Dataset excerpts: Begin

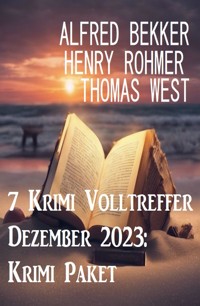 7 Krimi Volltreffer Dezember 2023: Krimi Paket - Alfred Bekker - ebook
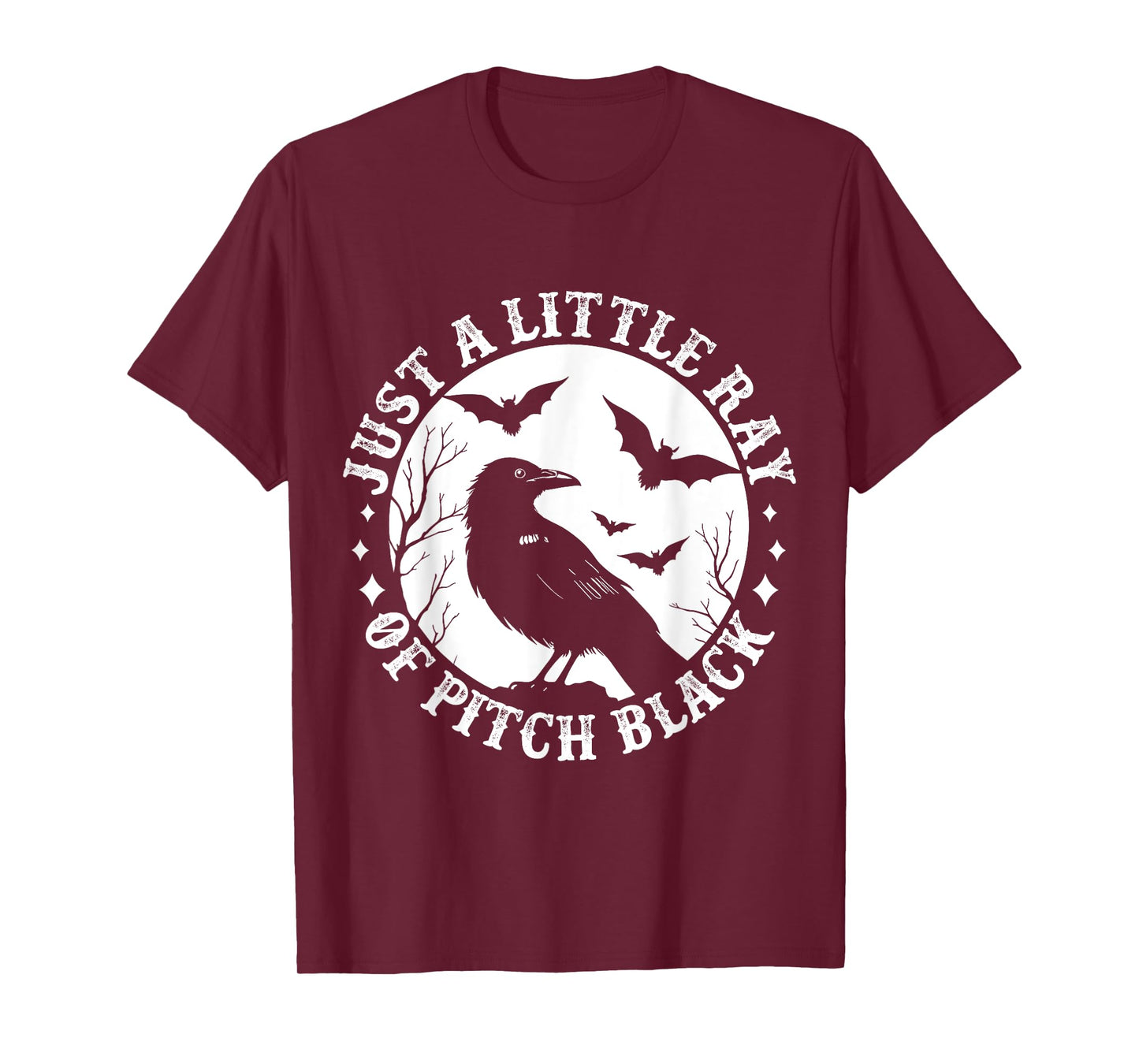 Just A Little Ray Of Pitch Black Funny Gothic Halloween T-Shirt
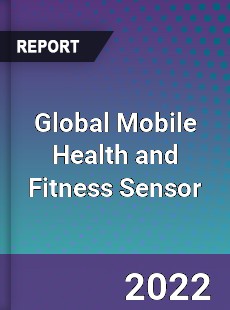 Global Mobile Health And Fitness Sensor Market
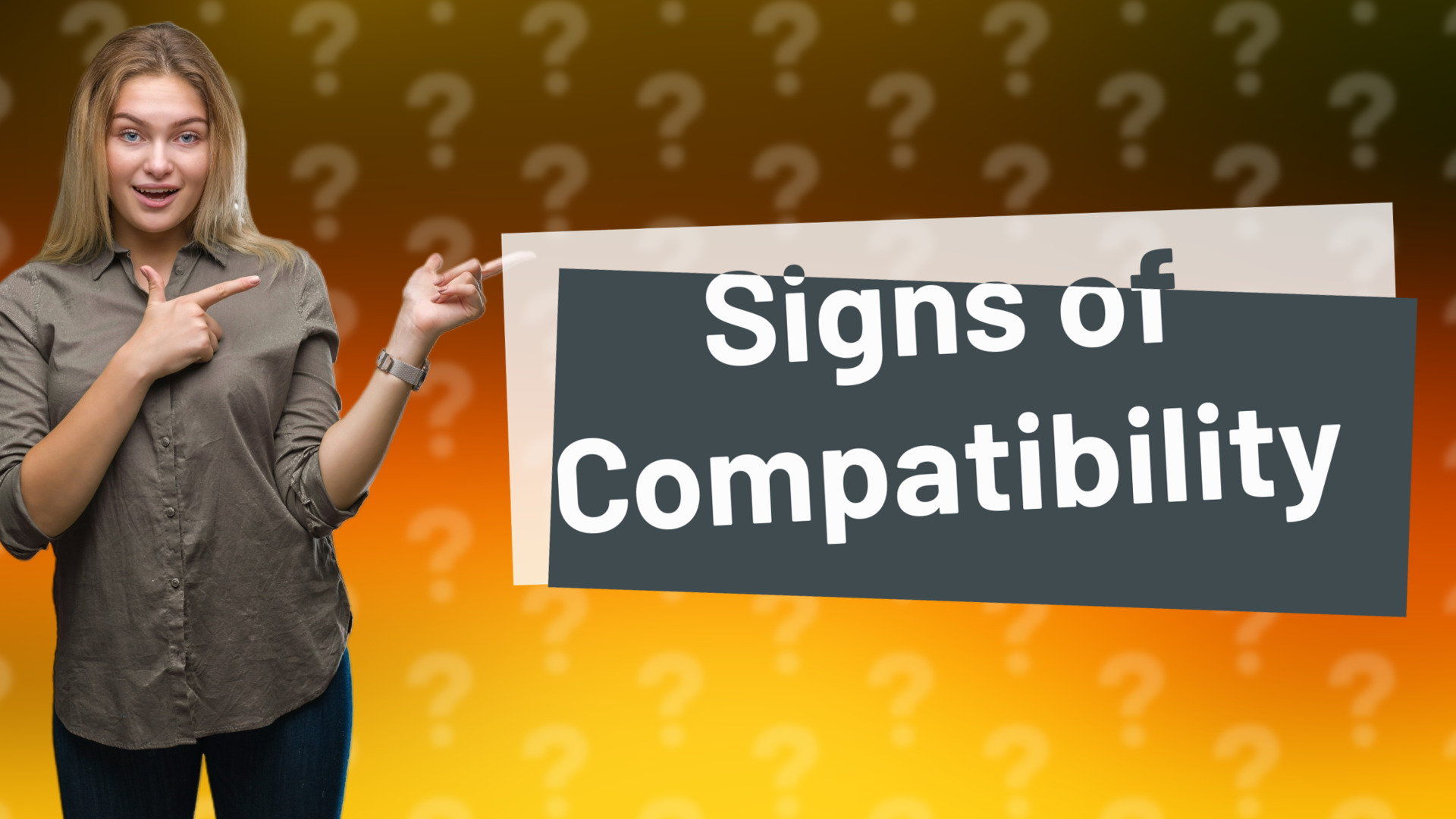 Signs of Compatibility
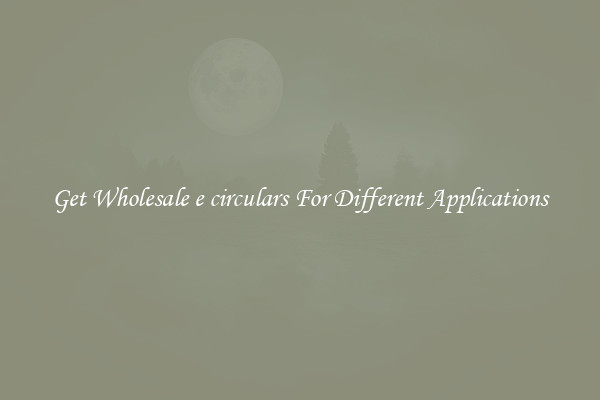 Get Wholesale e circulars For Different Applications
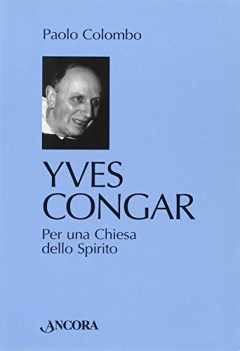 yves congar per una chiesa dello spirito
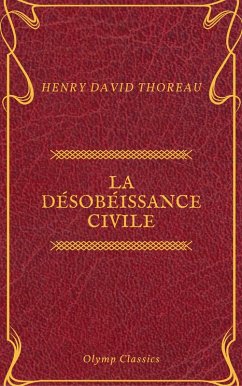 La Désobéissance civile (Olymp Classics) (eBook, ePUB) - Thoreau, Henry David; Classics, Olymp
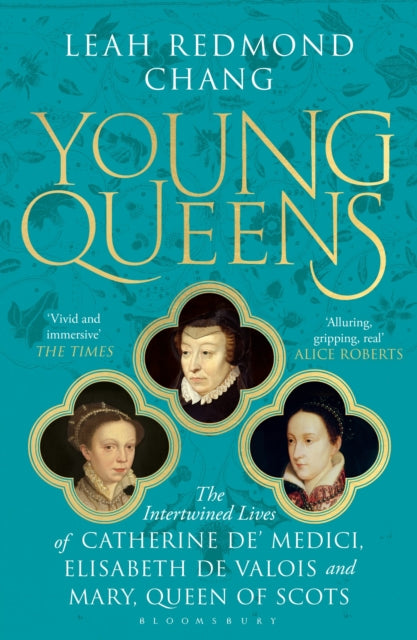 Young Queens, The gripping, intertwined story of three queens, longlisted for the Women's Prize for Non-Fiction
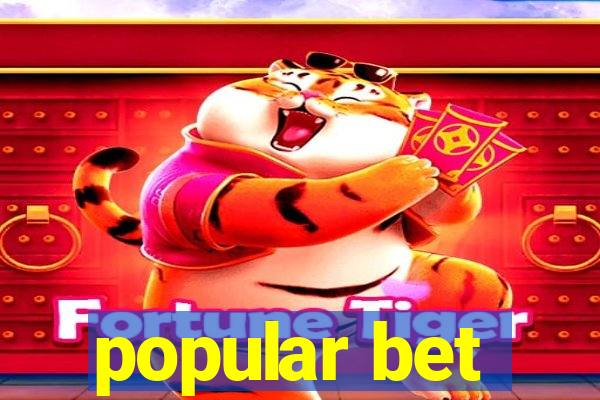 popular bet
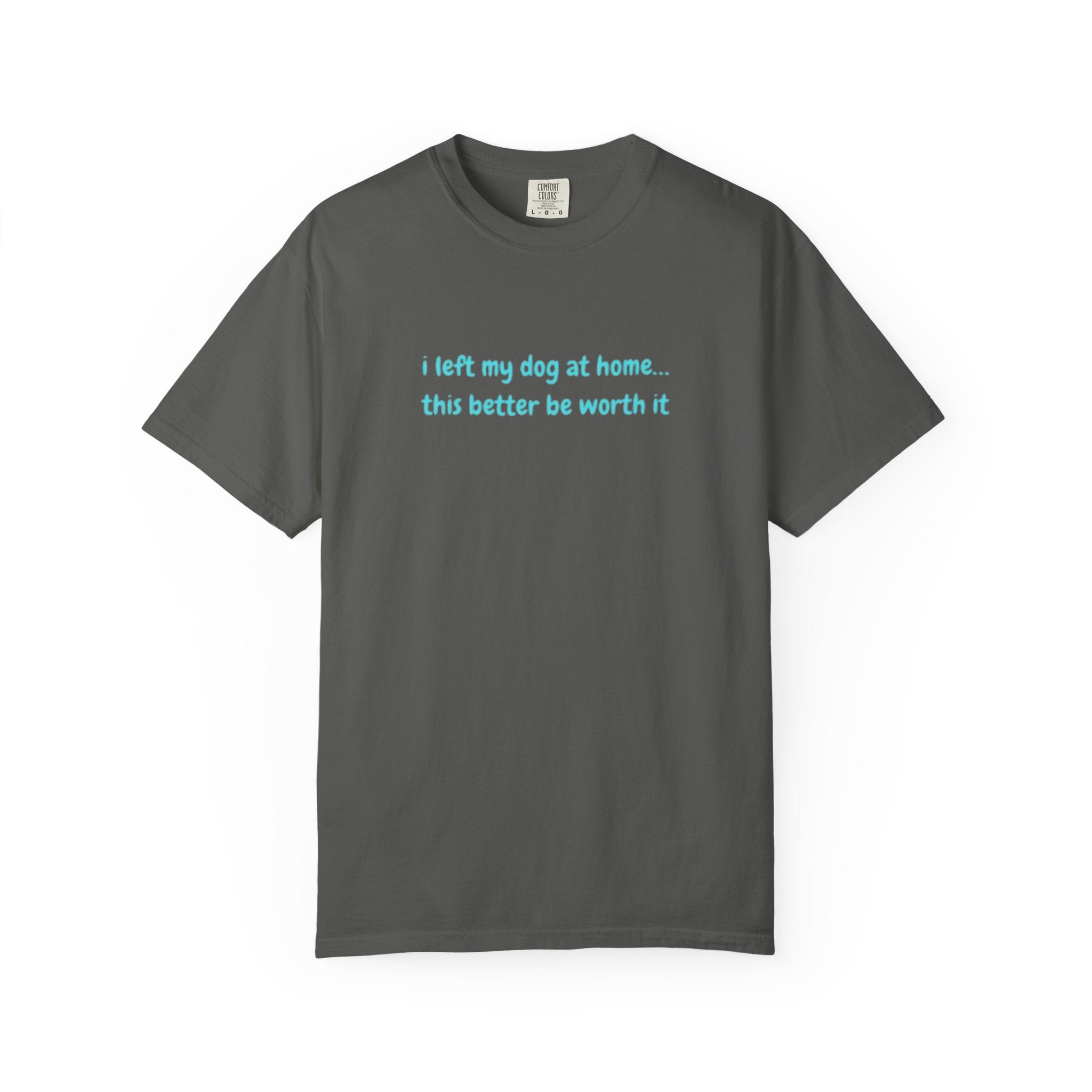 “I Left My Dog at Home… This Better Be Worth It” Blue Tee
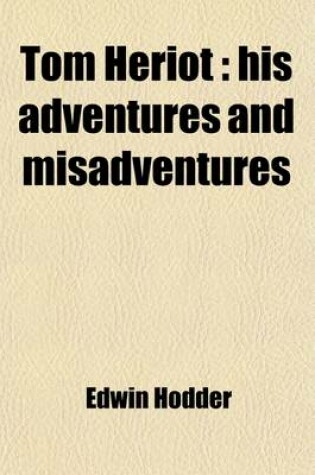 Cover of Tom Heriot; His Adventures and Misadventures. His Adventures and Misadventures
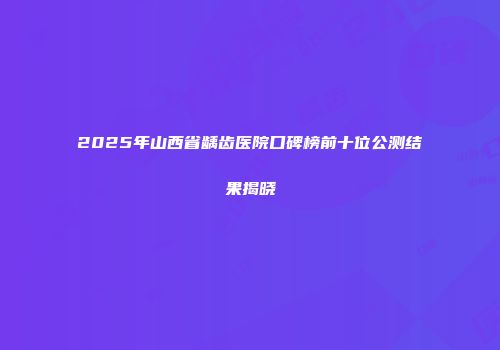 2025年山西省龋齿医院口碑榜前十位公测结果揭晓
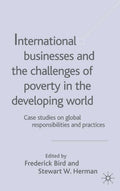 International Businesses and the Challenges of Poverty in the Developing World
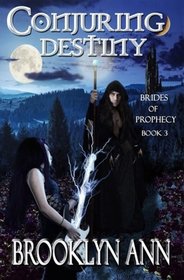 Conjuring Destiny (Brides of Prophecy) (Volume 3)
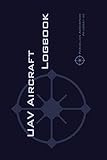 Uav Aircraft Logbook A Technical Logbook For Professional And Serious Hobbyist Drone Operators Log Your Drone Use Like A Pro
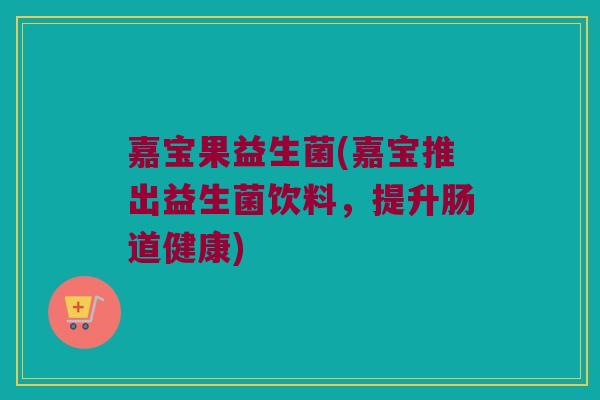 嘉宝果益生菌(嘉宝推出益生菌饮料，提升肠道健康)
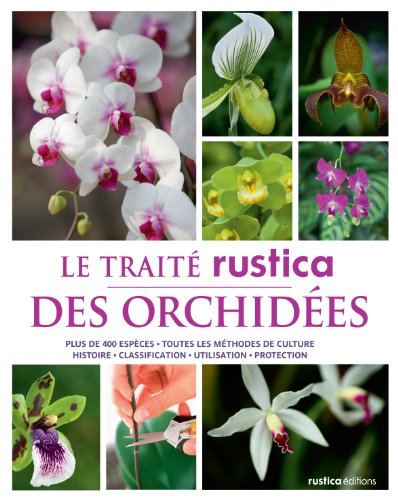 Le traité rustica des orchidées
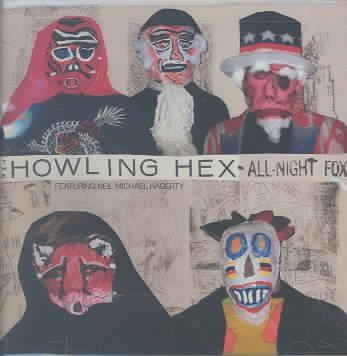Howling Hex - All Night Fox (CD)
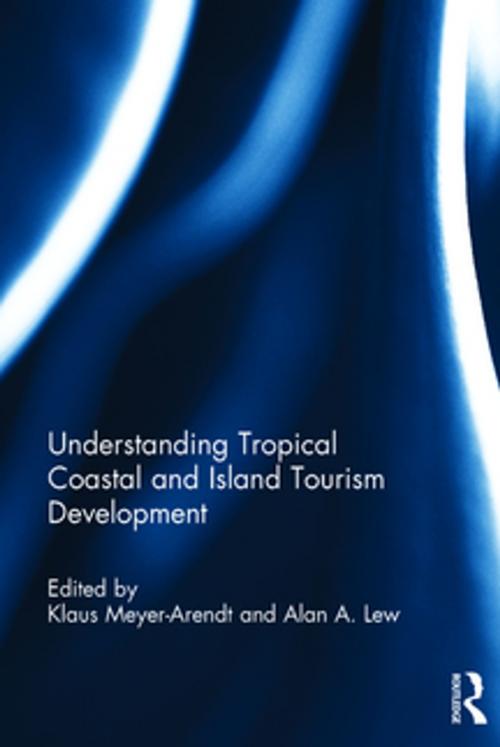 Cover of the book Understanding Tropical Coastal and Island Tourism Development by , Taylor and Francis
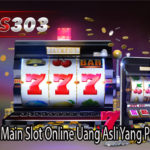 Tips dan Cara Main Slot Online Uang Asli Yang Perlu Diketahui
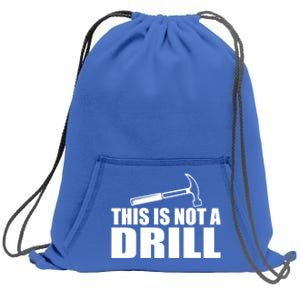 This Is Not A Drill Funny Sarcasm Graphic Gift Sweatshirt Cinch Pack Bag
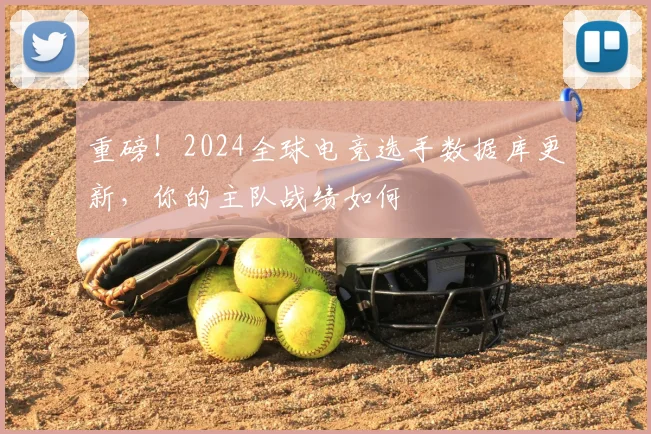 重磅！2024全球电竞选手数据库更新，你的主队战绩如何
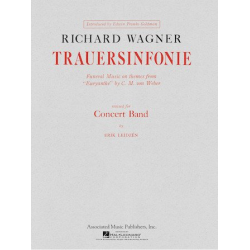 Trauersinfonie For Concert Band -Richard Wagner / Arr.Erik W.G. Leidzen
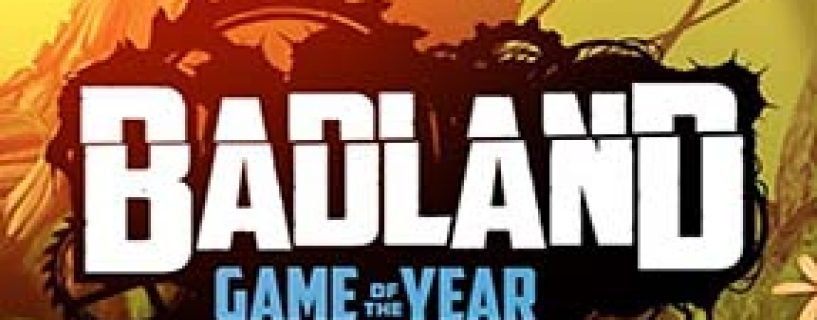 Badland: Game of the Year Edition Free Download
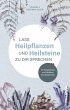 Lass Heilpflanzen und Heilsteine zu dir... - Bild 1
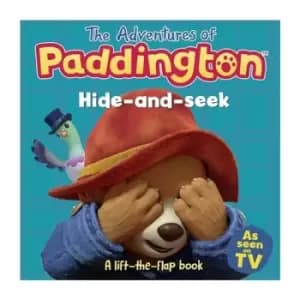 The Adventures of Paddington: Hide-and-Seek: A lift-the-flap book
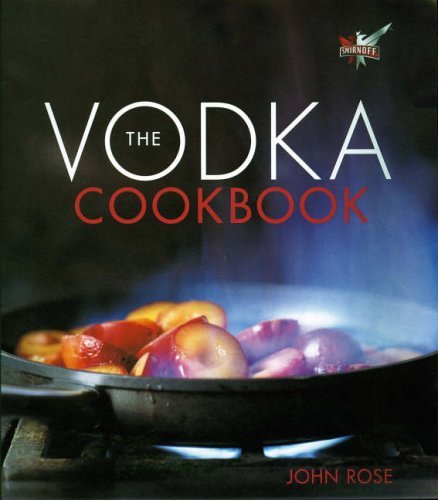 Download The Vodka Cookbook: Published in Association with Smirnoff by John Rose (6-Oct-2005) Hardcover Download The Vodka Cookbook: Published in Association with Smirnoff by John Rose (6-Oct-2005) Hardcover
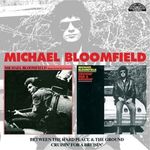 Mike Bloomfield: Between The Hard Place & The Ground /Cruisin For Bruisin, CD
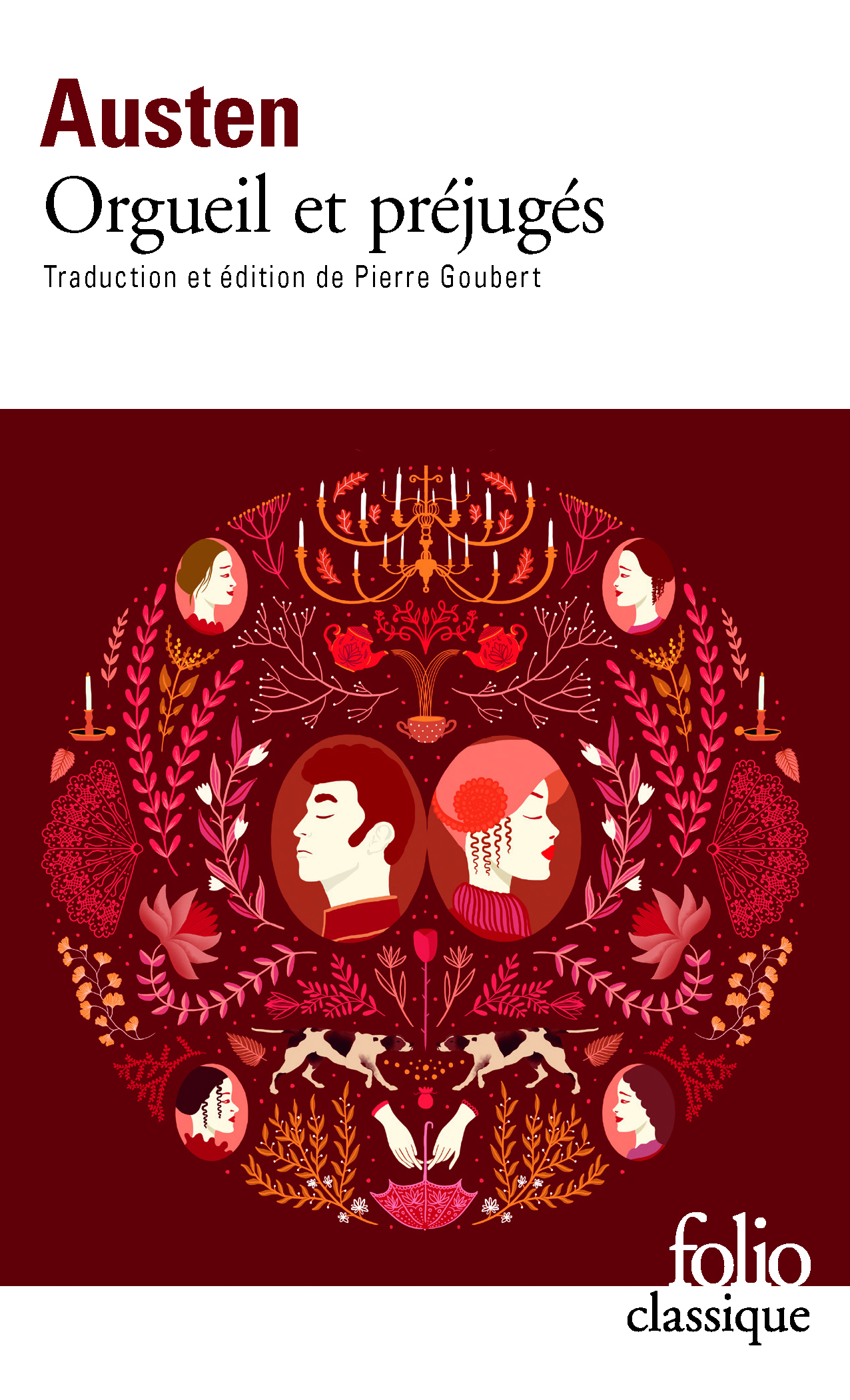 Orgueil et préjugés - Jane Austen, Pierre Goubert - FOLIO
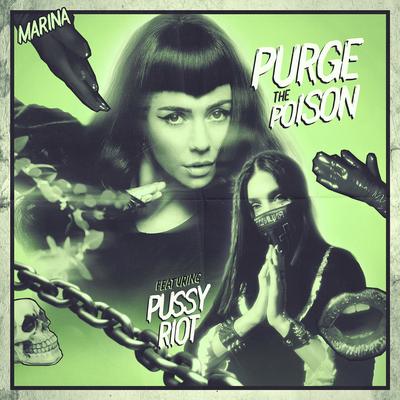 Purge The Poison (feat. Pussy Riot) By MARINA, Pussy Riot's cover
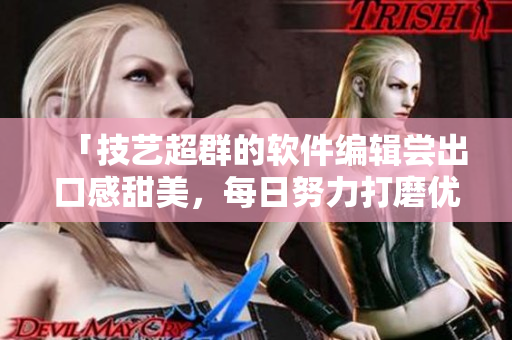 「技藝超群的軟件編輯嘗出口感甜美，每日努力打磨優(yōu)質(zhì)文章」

Dataset excerpts: End

Print exactly the lines running from the start of the entries above to the line with "La Désobéissance civile", both included; leave out any pictures.

 7 Krimi Volltreffer Dezember 2023: Krimi Paket - Alfred Bekker - ebook
 Just A Little Ray Of Pitch Black Funny Gothic Halloween T-Shirt
 Global Mobile Health And Fitness Sensor Market
 Signs of Compatibility
 Get Wholesale e circulars For Different Applications
 yves congar per una chiesa dello spirito
 La Désobéissance civile (Olymp Classics) (eBook, ePUB) - Thoreau, Henry David; Classics, Olymp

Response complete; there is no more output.